Head Quarters, Cambridge, August 3rd 1775.
Parole, Ireland.Countersign, Hartford.
When any plunder is taken from the Enemy (not excepted by the Continental Articles of war) such plunder must be all surrender’d to the Commanding Officer, and as soon as convenient after his arrival at Head Quarters, public Notice must be made, that an Auction will be held in the front of the Encampment for the sale thereof the next day at noon, and the money arising therefrom, is to be equally divided between the Officers and Men, that took it. This Order is not to be construed to extend, to permitting unlawfull and irregular plundering; as any Officer, or Soldier, who shall be found guilty thereof, will be punished with the greatest severity.1
All the Armourers, belonging to any of the regiments in the three Brigades, posted in the Lines, or in Cambridge, and those employed in the Artillery; to be at Head Quarters by eight OClock, to morrow morning, and none will be entitled to any pay hereafter, who does not attend at that time.

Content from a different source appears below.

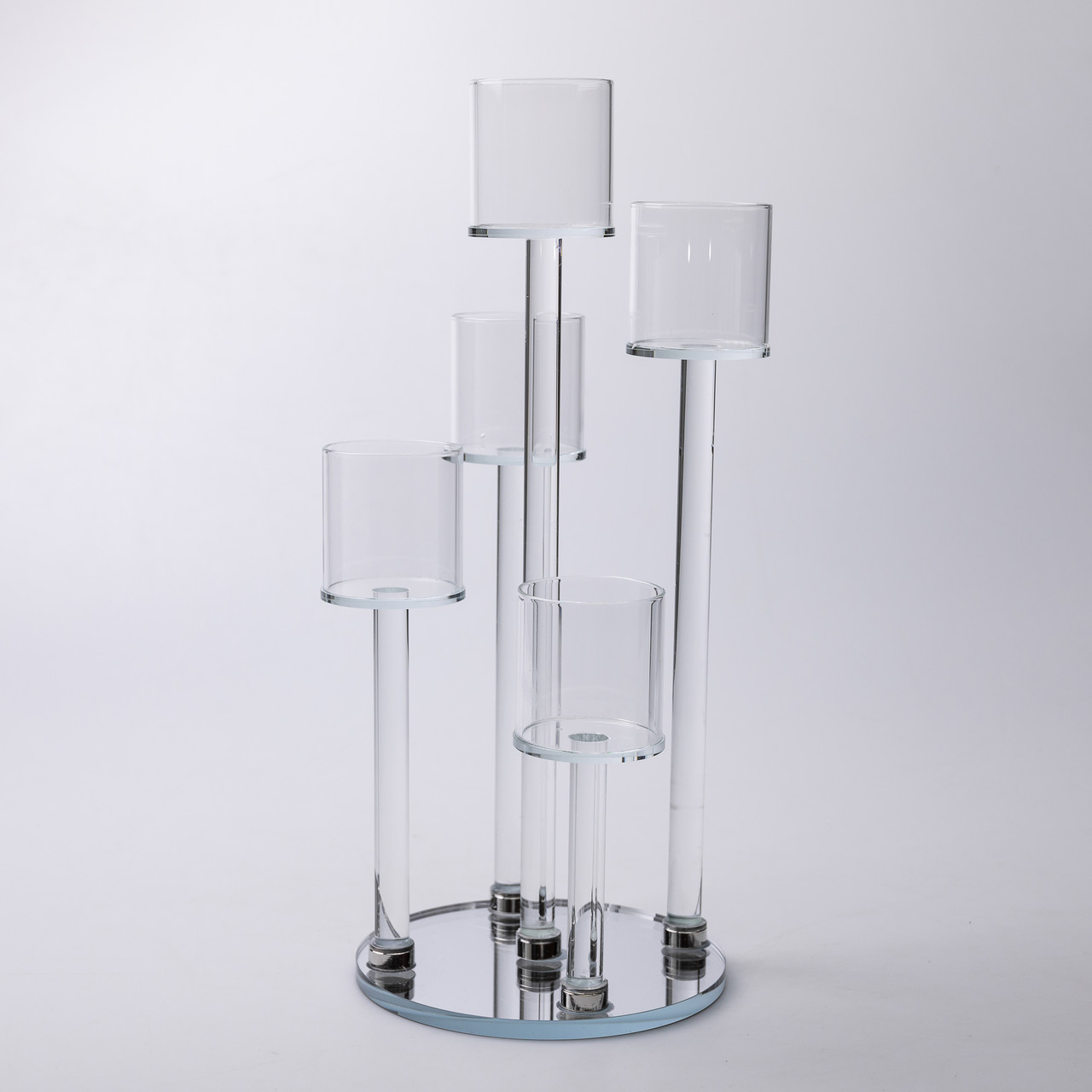 Підсвічник скляний на 5 свічок 16×38 см підсвічник декоративний прозорий на ніжці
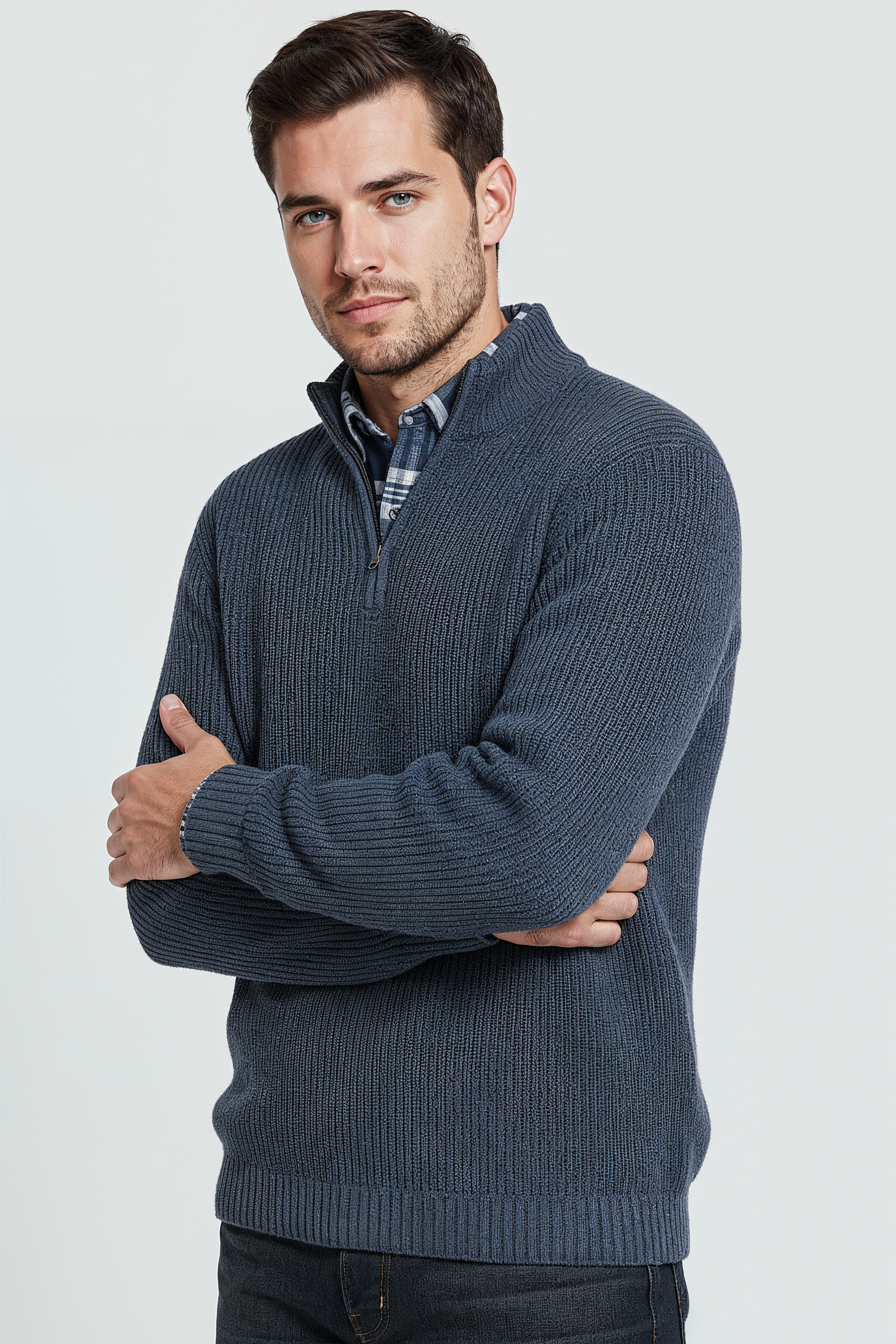 Striktrøje Med Half Zip - Støvet Blågrå 1.0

Varick transcript, DLC:GW.
1. The Continental articles of war stipulate in article 29 that “all public stores taken in the enemy’s camp or magazines, whether of artillery, ammunition, cloathing, or provisions, shall be secured for the use of the United Colonies.” Article 30 adds that “if any officer or soldier shall leave his post or colours, in time of an engagement, to go in search of plunder, he shall, upon being convicted thereof before a general court-martial, suffer such punishment as by the said court-martial shall be ordered” (JCC description begins Worthington Chauncey Ford et al., eds. Journals of the Continental Congress, 1774-1789. 34 vols. Washington, D.C., 1904–37. description ends , 2:116).